- Opening Delimiter -

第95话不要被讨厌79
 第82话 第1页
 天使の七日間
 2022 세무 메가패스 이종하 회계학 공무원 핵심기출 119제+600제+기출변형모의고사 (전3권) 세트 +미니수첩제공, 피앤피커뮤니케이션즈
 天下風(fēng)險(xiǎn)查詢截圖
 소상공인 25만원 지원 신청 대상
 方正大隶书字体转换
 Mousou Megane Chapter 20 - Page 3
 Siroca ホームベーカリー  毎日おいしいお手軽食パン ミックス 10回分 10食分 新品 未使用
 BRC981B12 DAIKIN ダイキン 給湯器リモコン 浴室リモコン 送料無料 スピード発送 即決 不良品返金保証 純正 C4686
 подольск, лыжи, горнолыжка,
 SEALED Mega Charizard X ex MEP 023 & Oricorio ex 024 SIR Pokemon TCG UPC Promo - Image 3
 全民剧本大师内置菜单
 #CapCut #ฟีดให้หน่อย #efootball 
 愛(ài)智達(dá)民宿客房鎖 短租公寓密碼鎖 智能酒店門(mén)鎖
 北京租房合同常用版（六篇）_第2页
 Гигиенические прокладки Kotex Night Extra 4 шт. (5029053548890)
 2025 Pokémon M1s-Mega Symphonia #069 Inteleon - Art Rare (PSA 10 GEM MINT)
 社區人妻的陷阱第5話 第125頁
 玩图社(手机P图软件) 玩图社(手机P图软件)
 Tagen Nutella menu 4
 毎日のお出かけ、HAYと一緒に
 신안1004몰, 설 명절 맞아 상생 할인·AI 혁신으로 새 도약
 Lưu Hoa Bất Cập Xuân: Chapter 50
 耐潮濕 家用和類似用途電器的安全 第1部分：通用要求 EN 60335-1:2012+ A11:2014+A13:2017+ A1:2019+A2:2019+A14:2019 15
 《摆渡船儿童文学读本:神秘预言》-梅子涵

- Closing Delimiter -

◆ Exercise requirements
Your reply should consist of the records, copied exactly.

◆ Problem solution
第95话不要被讨厌79
 第82话 第1页
 天使の七日間
 2022 세무 메가패스 이종하 회계학 공무원 핵심기출 119제+600제+기출변형모의고사 (전3권) 세트 +미니수첩제공, 피앤피커뮤니케이션즈
 天下風(fēng)險(xiǎn)查詢截圖
 소상공인 25만원 지원 신청 대상
 方正大隶书字体转换
 Mousou Megane Chapter 20 - Page 3
 Siroca ホームベーカリー  毎日おいしいお手軽食パン ミックス 10回分 10食分 新品 未使用
 BRC981B12 DAIKIN ダイキン 給湯器リモコン 浴室リモコン 送料無料 スピード発送 即決 不良品返金保証 純正 C4686
 подольск, лыжи, горнолыжка,
 SEALED Mega Charizard X ex MEP 023 & Oricorio ex 024 SIR Pokemon TCG UPC Promo - Image 3
 全民剧本大师内置菜单
 #CapCut #ฟีดให้หน่อย #efootball 
 愛(ài)智達(dá)民宿客房鎖 短租公寓密碼鎖 智能酒店門(mén)鎖
 北京租房合同常用版（六篇）_第2页
 Гигиенические прокладки Kotex Night Extra 4 шт. (5029053548890)
 2025 Pokémon M1s-Mega Symphonia #069 Inteleon - Art Rare (PSA 10 GEM MINT)
 社區人妻的陷阱第5話 第125頁
 玩图社(手机P图软件) 玩图社(手机P图软件)
 Tagen Nutella menu 4
 毎日のお出かけ、HAYと一緒に
 신안1004몰, 설 명절 맞아 상생 할인·AI 혁신으로 새 도약
 Lưu Hoa Bất Cập Xuân: Chapter 50
 耐潮濕 家用和類似用途電器的安全 第1部分：通用要求 EN 60335-1:2012+ A11:2014+A13:2017+ A1:2019+A2:2019+A14:2019 15
 《摆渡船儿童文学读本:神秘预言》-梅子涵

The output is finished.